Most existing methods model the spatio-temporal correlations separately in generating mobility trajectory data. To overcome this challenge, future work should investigate representing mobility-related data in a more structured mode, such as using graph representations (Ye et al. 2020; Sheng et al. 2022) and knowledge graph triplets (Wang et al. 2020a). These representations can explicitly enhance the model’s learning of spatial and temporal interactions.

8.3 Model limitations

We reviewed the mobility trajectory data generation work based on their different modeling driving forces. Knowledge-driven methods rely very little on data and perform well on the macroscopic mobility trajectory data generation, e.g., area trajectory status generation (Kong et al. 2018). However, the accuracy of these methods can not support the fine-grained downstream application tasks. Data-driven methods depend largely on the data and can obtain accurate mobility trajectory data generation results. However, missing data, privacy protection or difficulty in data acquisition may limit the application of data-driven methods.

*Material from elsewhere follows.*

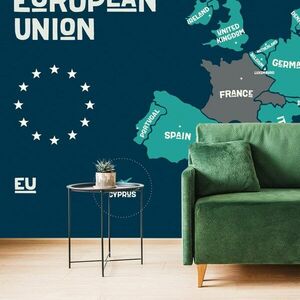 Samoprzylepna tapeta mapa edukacyjna z nazwami krajów UE obraz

To tackle this challenge, future research should explore the integration of prior knowledge into data-driven approaches. Knowledge-assisted learning has garnered considerable interest in recent years due to its potential in reducing the complexity of learning and mitigating overfitting problems when dealing with limited data (Karpatne et al. 2017). An exemplary application of this approach is seen in COVID-GAN (Bao et al. 2020, 2022), which incorporates various factors such as population demographics, median income, epidemic conditions, and policy parameters into a generative adversarial network (GAN). This integration allows for the generation of accurate mobility data specifically tailored to the COVID-19 period.

8.4 Fixed representation

In mobility trajectory data generation, the popular way to represent data is the image-based representation. The map is divided into regular grids and the mobility trajectory data is transformed into each regular grids. Then, CNN is utilized to extract the features of these data. However, the spatial structure in mobility trajectory has been demonstrated more complex than the Euclidean space (Ye et al. 2020). This fixed representation of mobility trajectory data is the challenge in generating more accurate results.

In future works, the exploration of graph-structured data learning continues to hold significant promise (Wu et al. 2021; Lv et al. 2023). Given the prevalence of graph structures in traffic data, the integration of GNNs into deep learning frameworks, such as RNNs and GANs, offers a means to capture non-Euclidean spatial dependencies and obtain more precise generation outcomes.

9 Conclusion

In this survey, we present a novel taxonomy for the literature of mobility trajectory generation. We categorize the methods into two different paradigms: knowledge-driven and data-driven. Subsequently, we provide clear definitions of trajectory generation and analyze three common application scenarios of mobility trajectory generation. Detailed introduction of fundamentals, including theories, tools, and techniques commonly used in mobility trajectory generation, is given. We elaborate the knowledge-driven and data-driven methods according to the scenarios and fundamentals we introduced. Evaluation metrics, public datasets, and open-source code are introduced in this survey. Four open challenges future research directions are introduced based on the work we surveyed. We anticipate that this survey paper will facilitate readers in comprehending the fundamental concepts, application scenarios, relevant theories, and techniques in the area of mobility trajectory generation, thereby providing valuable insights.